There are a variety of delivery solutions to choose from. These can range from an open, unprotected area right outside the front door to huge parcel-locker style mailboxes fixed into the front fence with electronic access codes given to delivery firms.

Most modern home designs avoid the usage of a formal entrance corridor, with the majority of house designs favouring different degrees of open plan living.A closed area could provide a permeable zone that connects the outdoors and interior in a pandemic situation – this would create a buffer zone which is “pandemic-proofed.”

In an ideal scenario, this containment space would allow the creation of an airlock capable of exchanging and expelling air brought in by individuals arriving from the outside. This is may be over-the-top, both in terms of installation and operation costs, as well as logistics and human mobility.

Regardless of the idea of an airlock, the direction of the airflow must be considered.
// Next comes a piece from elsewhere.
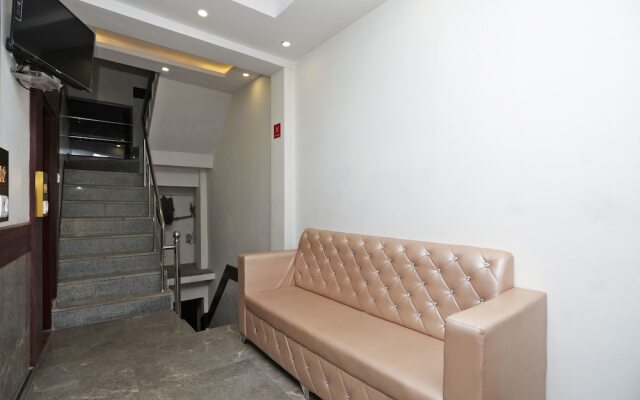 OYO 12503 Hotel Corner Point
We could achieve this with the clever application of a curved wall or timber cladding to direct and increase and decrease airflow, or the use of staged high and low-pressure areas.

Dry surfaces that have been dry for hours or even days, like wooden painted surfaces, would need a good hardwood primer, allowing for constant cleaning, to prevent spreading viral deposits throughout the rest of the house.

The confinement area might be in use for weeks at a time, and for this reason, it needs careful consideration from the point of view of entertainment and activities to reduce boredom and inertia.

A copious supply of books, good Internet access, high speed broadband, satellite television and telephone communications, along with a decent snooker table, would go some way to accommodating these problems.

A plentiful food supply, cooking facilities and toilet and bathroom area are also essential here.

We usually carry outside clothing indoors where it hangs on coat racks or hooks in hallways or living spaces – sometimes to dry. A space for containment would enable clothing, footwear, shopping bags, etc. to be “quarantined” if a walkabout has exposed them to community transmission.

The provision then needs to be made for one or two people to shelter and isolate without affecting other residents. Ideally, this would need an ensuite bedroom.

This bedroom should allow safe access to the outside environment via a self containable courtyard or open space, perhaps shielded by a timber façade and maintained by using timber oils. This space could also act as the transition zone for laundry and other supplies.

These issues throw up multiple challenges for architects designing for not just post-pandemic scenarios, but also the onslaught of climate change.

Centrally ducted air conditioning servicing the entire house would meet the need for both heating in the winter and cooling in the summer, with each area being separately zoned with individual filter systems.